‘2017 piyasalar için fırsat yılı olabilir’

0
15

Gedik Yatırım Araştırma Direktörü Üzeyir Doğan, yaptığı açıklamada, 2015’te gerçekleştirilen iki seçim ve Rusya krizine karşın 2016’nın ilk aylarında ana trendi yurt dışı gelişmelerin belirlediğini söyledi.
Doğan, bu yıl yurt içinde başbakan değişimi ve 15 Temmuz sonrası gelişmelerin, yurt dışında ise Fed’in faiz kararları ve Donald Trump’ın başkanlık seçimlerini kazanmasıyla ABD’de uygulanmaya başlanması beklenen mali politikaların, gelişmekte olan piyasaları etkisi altına aldığını vurguladı.

Son dönemde yurt dışında yükselen faiz ve kurların enflasyon beklentilerini artırması ile yurt içinde de faizlerde yukarı yönlü hareketler izlendiğine işaret eden Doğan, şunları kaydetti:

“Süreç sorunsuz atlatılabilir ve 2016’da artış trendinde olan jeopolitik ve güvenlikle ilgili riskler bastırılırsa son 2 yılda görülen negatif ayrışmanın getirdiği cazip değerlemeler BIST ve diğer TL varlıkların ikinci çeyrekle birlikte cazibesini artırabilir.”

“2016 öngörülemeyenlerin yılı oldu”
Turkish Yatırım Araştırma Bölüm Başkanı Baki Atılal da 2016’yı, “hem global çapta hem de Türkiye adına öngörülemeyenlerin yılı” şeklinde nitelendirdi.

Bu yıl yurt içi ve dışında yaşanan başlıca ekonomik ve siyasi gelişmelerden, bunların piyasalarda oluşturduğu risklerden bahseden Atılal, “2017, risklerin giderilmesiyle fırsatların çıkacağı bir yıl olacak.” dedi.
Baki Atılal, anayasa değişikliği referandumu, TL’nin seyri, TCMB’nin alacağı pozisyon ve büyüme yönünde atılan adımların sonuçlarının yurt içinde önemli gündem maddeleri olarak öne çıkacağını bildirdi. 

“2017 dünyayı test edecek”
Saxo Capital Markets Uluslararası Piyasalar Direktörü Özgür Hatipoğlu ise 2016’nın, dünya siyasi tarihinde yer tutacak başka bir “sıra dışı yıl” olarak arşivlerde yerini aldığını ifade etti.

Gelecek yıl, dünyanın güçlü dolara daha ne kadar dayanabileceğinin test edilebileceği bir dönemin yaşanacağını belirten Hatipoğlu, şunları kaydetti:

“Şu anda 103 bölgesinde olan dolar endeksinin 2000’li senelerin başlarındaki gibi 120’lere yükselmesi, birçok şirketin çok büyük kur zararlarına maruz kalmasına neden olur ve ABD ekonomisi ciddi zarar görür.
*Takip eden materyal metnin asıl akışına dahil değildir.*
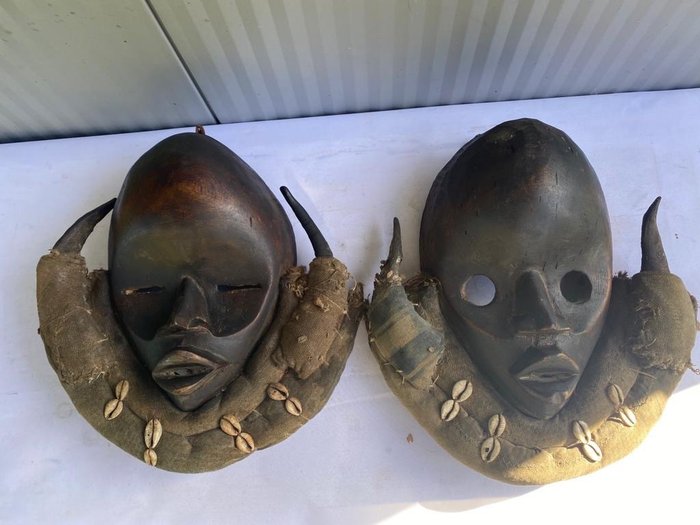 Dan-Nguere - (Mahogni Tre / Skjell / Tusk Horn) - Afrikansk maske - DanNguere Subtribe - 32 cm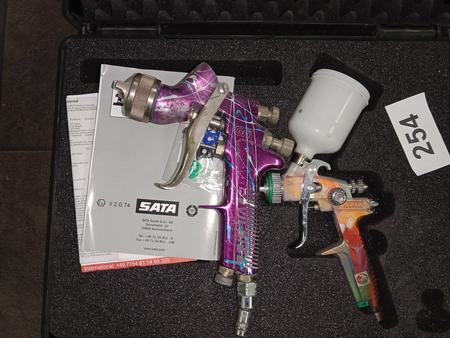 2 Stk. SATA Lackierpistolen 2 Stk. SATA Lackierpistolen
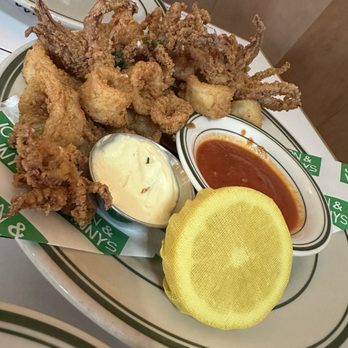 Jon & Vinny's Slauson - point judith fried calamari - Italian Near Me - Windsor Hills, California Jon & Vinny's Slauson - point judith fried calamari - Italian Near Me - Windsor Hills, California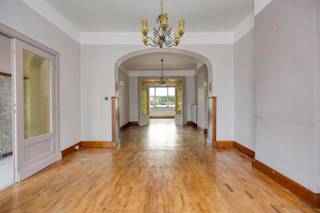 Ruime te renoveren woning met o.a. een bewoonbare oppervlakte van 180 m², 3 slaapkamers (4 mogelijk op zolder), hoge plafonds, voldoende parking...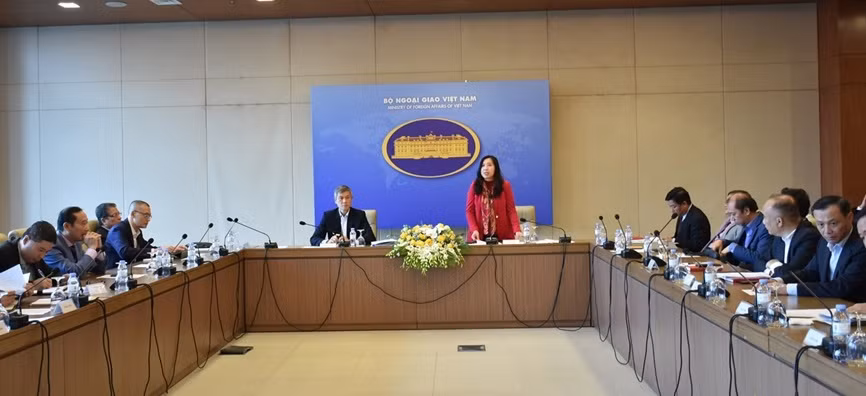 第32次外交会议:实现越南侨胞与家乡对接活动多样化 ảnh 1 第32次外交会议:实现越南侨胞与家乡对接活动多样化 ảnh 1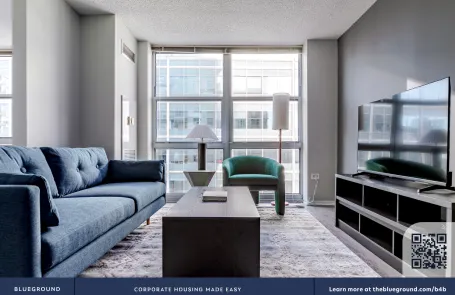 1 Bedroom West Loop Apartment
Sonuç böylesine vahim bir senaryoya kapıyı açacakken Fed faiz artıracak olsa bile bunu çok dikkatli bir zamanlamayla yapacaktır. Kaldı ki Fed’in meşhur nokta grafiklerine baktığımızda eylülden aralık toplantısına, 2017 için daha konsantre bir şekilde enflasyon hedef tahmini yaparken, 2018 için beklentilerin daha geniş bir aralığa yayıldığını görüyoruz. Bu da kısa zaman içinde faiz artırımları olduktan sonrası için hiçbir şeye şimdiden söz vermek istemediklerini gösteriyor. ABD’de izleyeceklerimiz arasında Trump yönetiminin ilk 100 günü de var. Verilen seçim sözlerinin ne kadarının tutulabileceği çok önemli ve seçim sonucuyla gelen piyasa hareketlerinin devamı ve sürdürülebilirliği buna bağlı.”